◆ What this task involves ◆
The answer should hold only the lines from the one containing "New Acrylic Magnetic" through the one containing "AquaBeat Mini: Waterproof" in the entries below, copied exactly, without pictures.

(Brief descriptive captions)
....

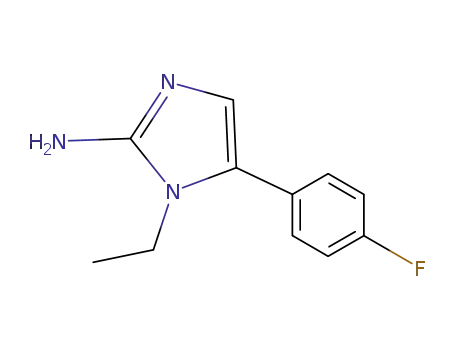 Molecular Structure of 918801-64-6 (1H-Imidazol-2-amine, 1-ethyl-5-(4-fluorophenyl)-)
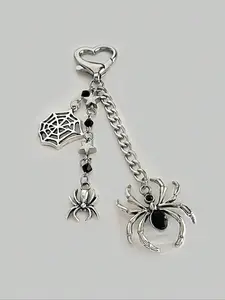 Punk Gothic Spider Pendant Keychain, Fashionable Dark Style Bag Charm, Perfect Gift for Friends & Couples, Halloween Accessory, Stylish Keychain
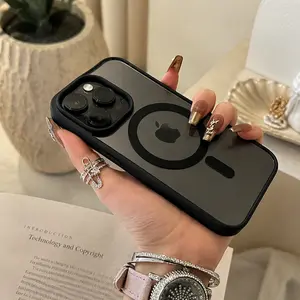 New Acrylic Magnetic Clear Case For iPhone17/ 16 15 14 13 12 11 Pro X XS Max 16 Plus Magsafe Wireless Charge Girls Pink Hard Back Cover phone  case  For iphone 13 iphone 16  case
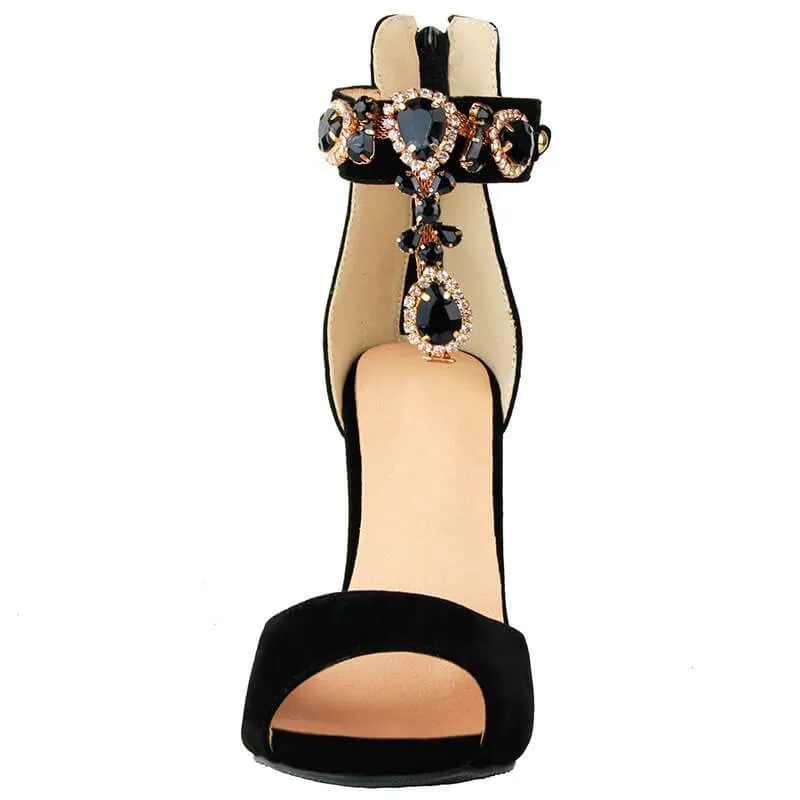 Sexy Black Suede Peep Toe Rhinestone High Heel Sandals
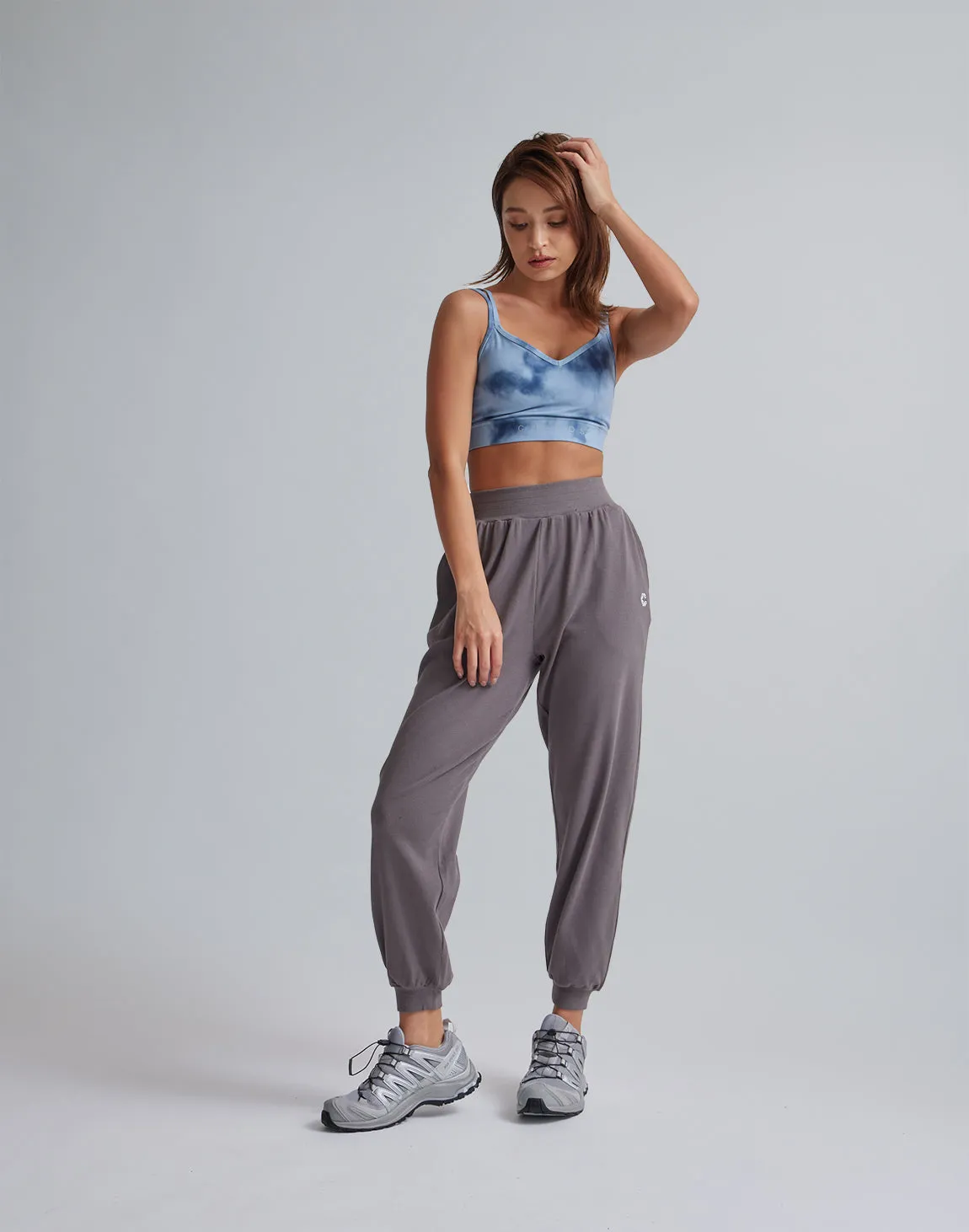 CRONOS WOMEN RELAXING JOGGER PANTS【GRAY】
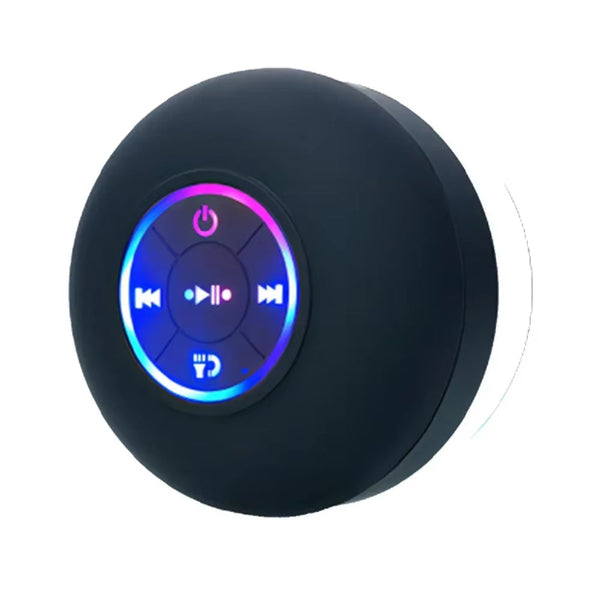 AquaBeat Mini: Waterproof LED Bluetooth Speaker with Powerful Sound & Suction Cup Mount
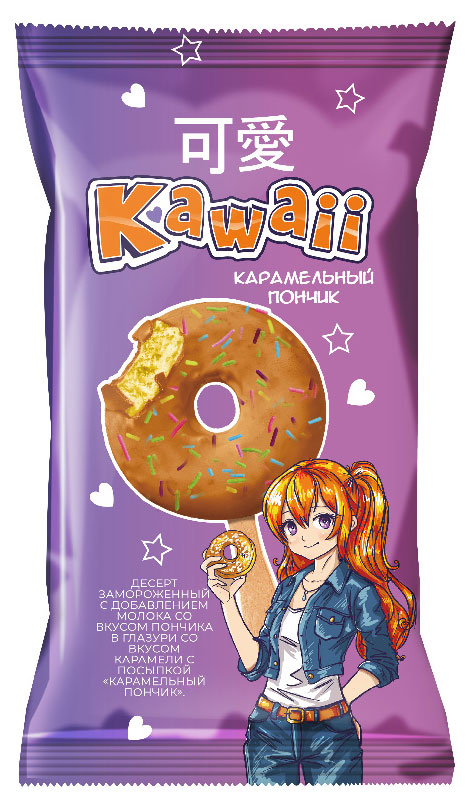 Изображение товара Десерт замороженный с добавлением молока Kawaii Карамельный пончик в глазури с посыпкой 5%, 65 г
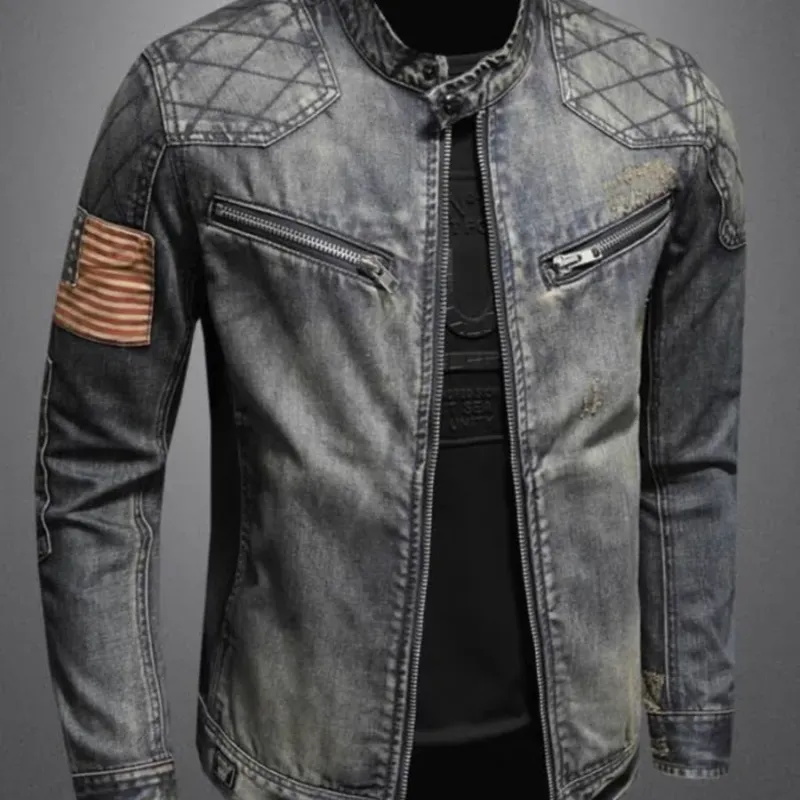 Men's Retro Biker Denim Jacket 2
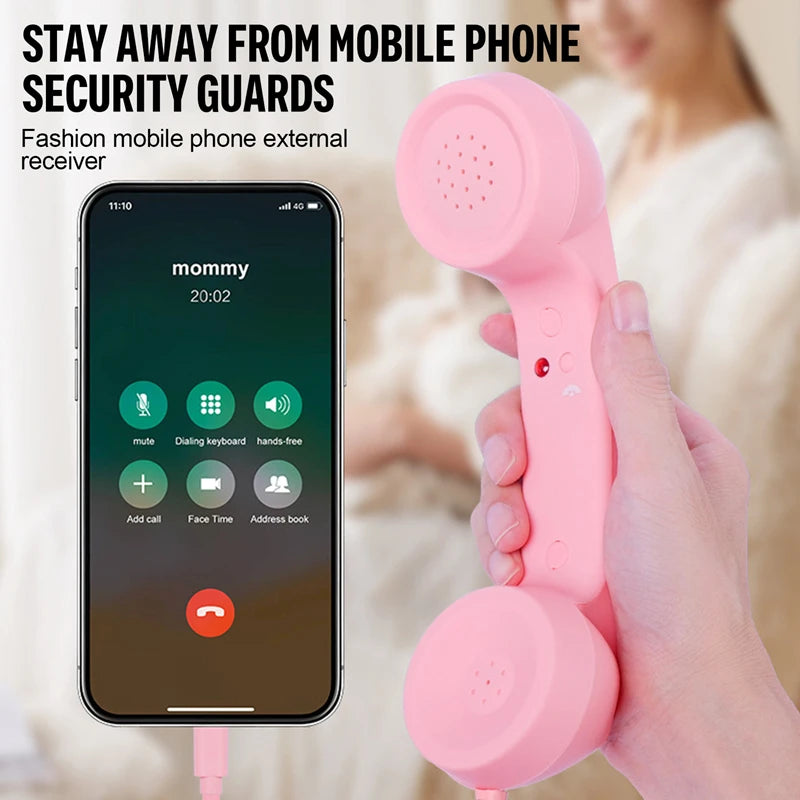 Retro Phone Handset with Radiation Protection-Modern USB-C Vintage Receiver for iPhone & Android Enhances Call Clarity & Safety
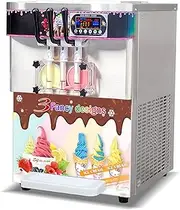 Commercial Desktop Tabletop countertop 3 flavoe Soft ice Cream Machine Yogurt Soft ice Cream Machine, Gelato 2+1 Mixed Flavor Soft ice Cream Maker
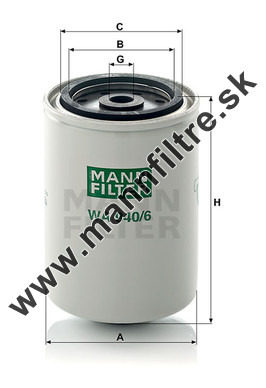 Filter chladiacej kvapaliny MANN FILTER WA 940/6
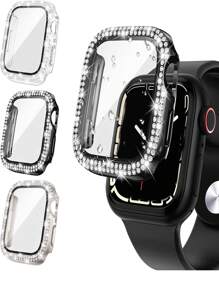 3 قطع 2 في 1 واقي شاشة و بديكور حجر الراين حالة متوافق مع Apple Watch - متعدد الألوان - مشاهدة 1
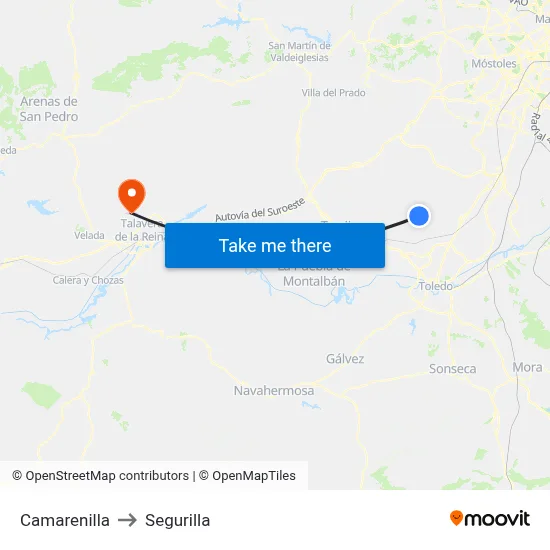 Camarenilla to Segurilla map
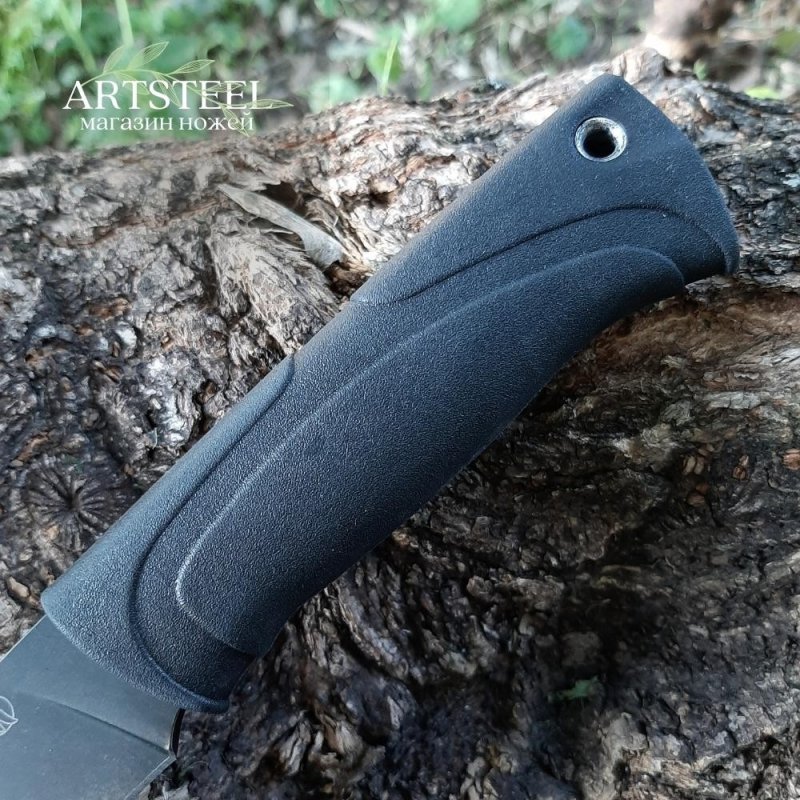 Нож Стерх-1 Х12МФ стоунвош черный эластрон в интернет-магазине art-steel.ru, фото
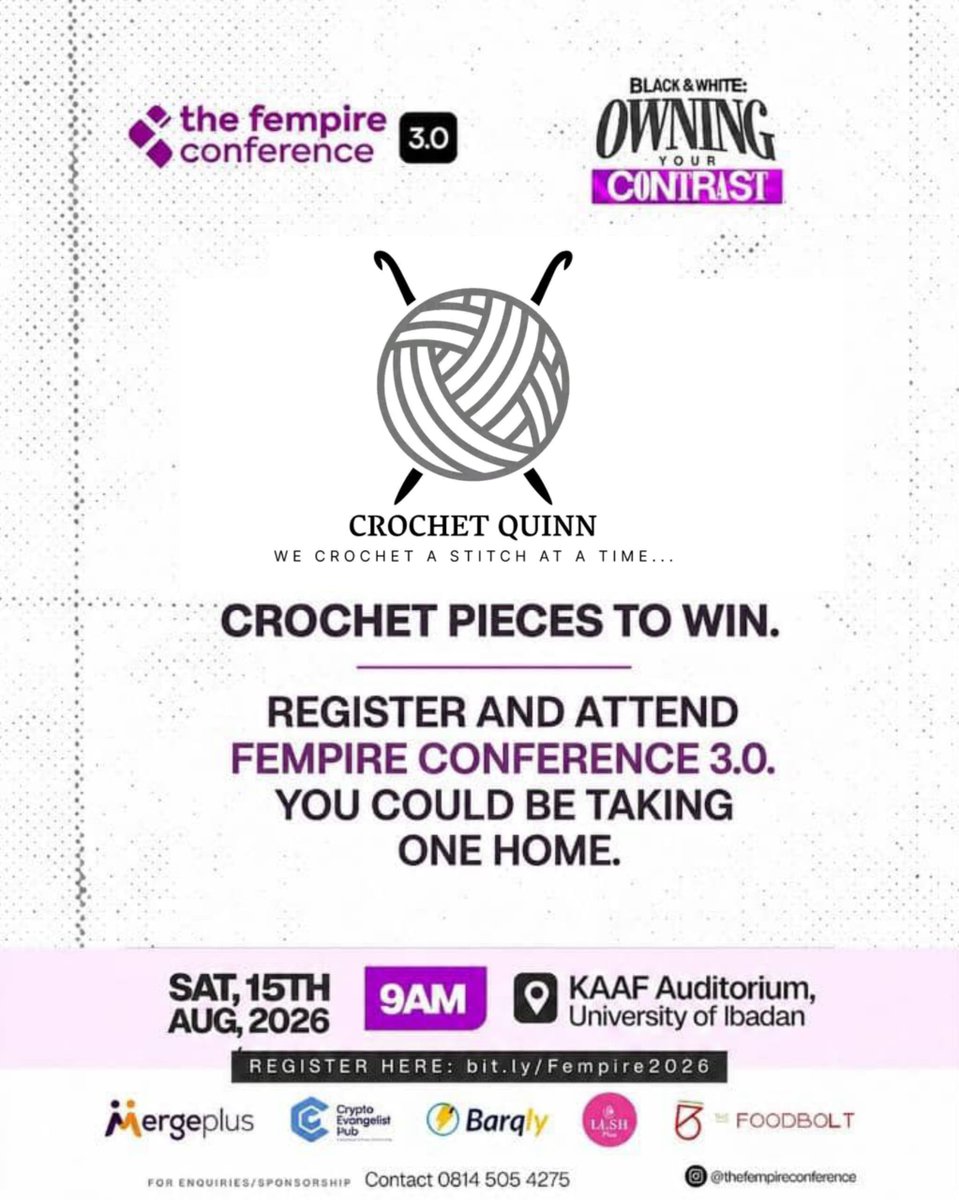 Fempireconf's tweet photo. Who doesn’t love a little giveaway? 🌚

....

◆ Written reply ◆
 New Acrylic Magnetic Clear Case For iPhone17/ 16 15 14 13 12 11 Pro X XS Max 16 Plus Magsafe Wireless Charge Girls Pink Hard Back Cover phone  case  For iphone 13 iphone 16  case
 Sexy Black Suede Peep Toe Rhinestone High Heel Sandals
 CRONOS WOMEN RELAXING JOGGER PANTS【GRAY】
 AquaBeat Mini: Waterproof LED Bluetooth Speaker with Powerful Sound & Suction Cup Mount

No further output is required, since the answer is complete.